◆ PROBLEM STATEMENT
Repeat the listing verbatim. Drop any pictures.

◆ SUPPLIED MATERIAL
::::

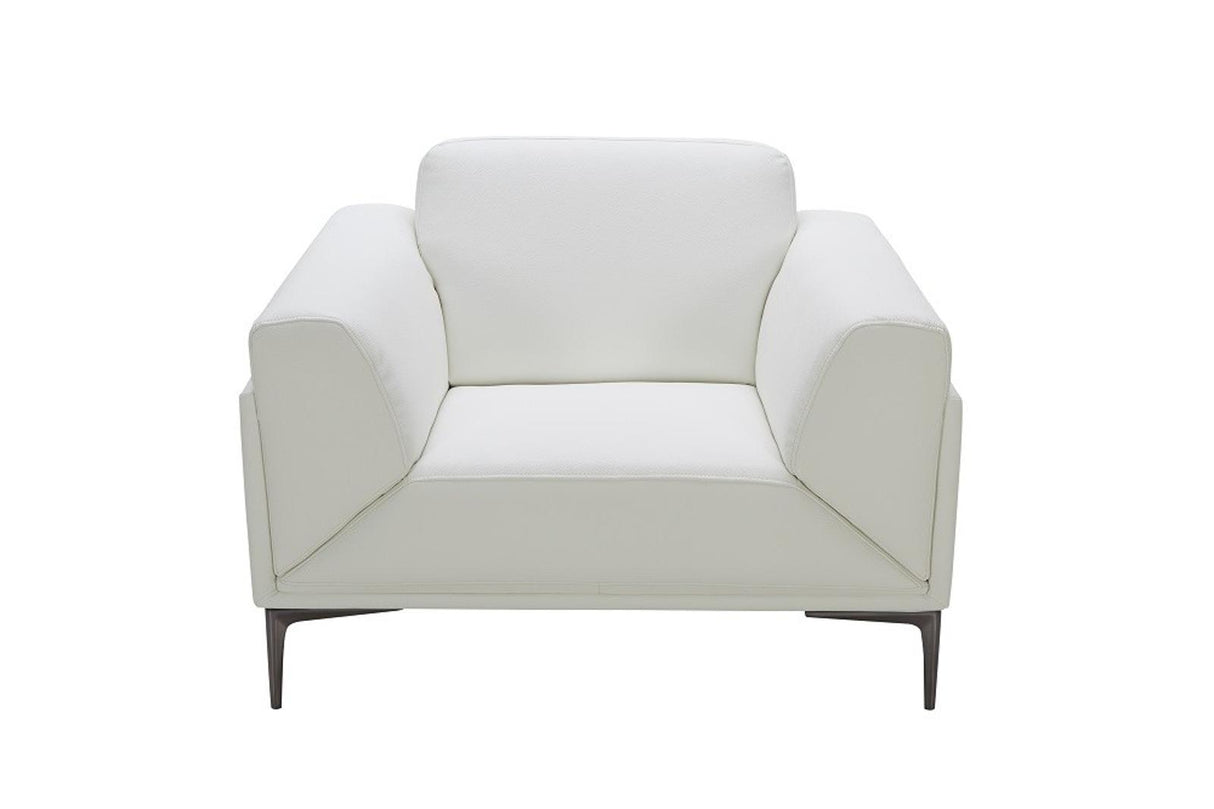 J&M Furniture Davos Chair in White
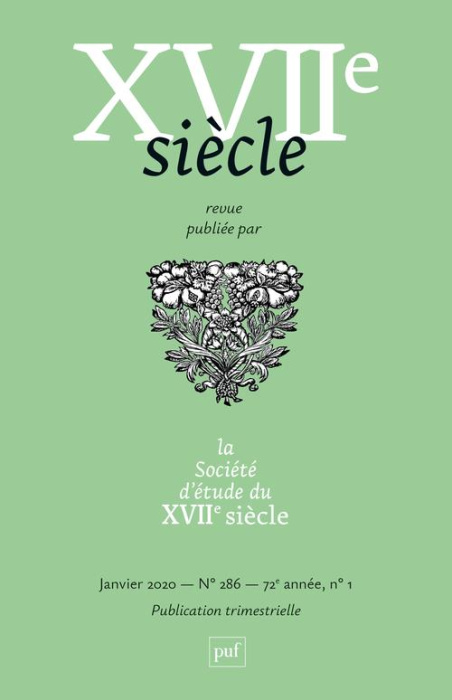 Emprunter XVIIe siècle N° 286, février 2020 : Lucien et la satire en prose au XVIIe siècle livre
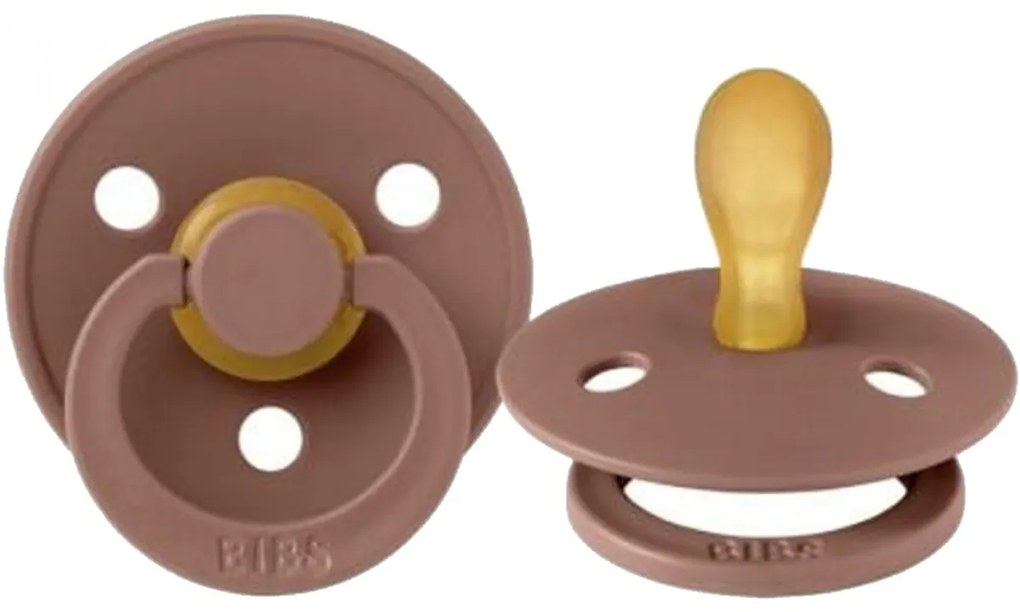 Kaučukový cumlík, BIBSKaučukový cumlík BIBS, 0-6 m, hnedý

::::

◆ THE COMPLETED TASK
 J&M Furniture Davos Chair in White
 Emprunter XVIIe siècle N° 286, février 2020 : Lucien et la satire en prose au XVIIe siècle livre
 Kaučukový cumlík, BIBSKaučukový cumlík BIBS, 0-6 m, hnedý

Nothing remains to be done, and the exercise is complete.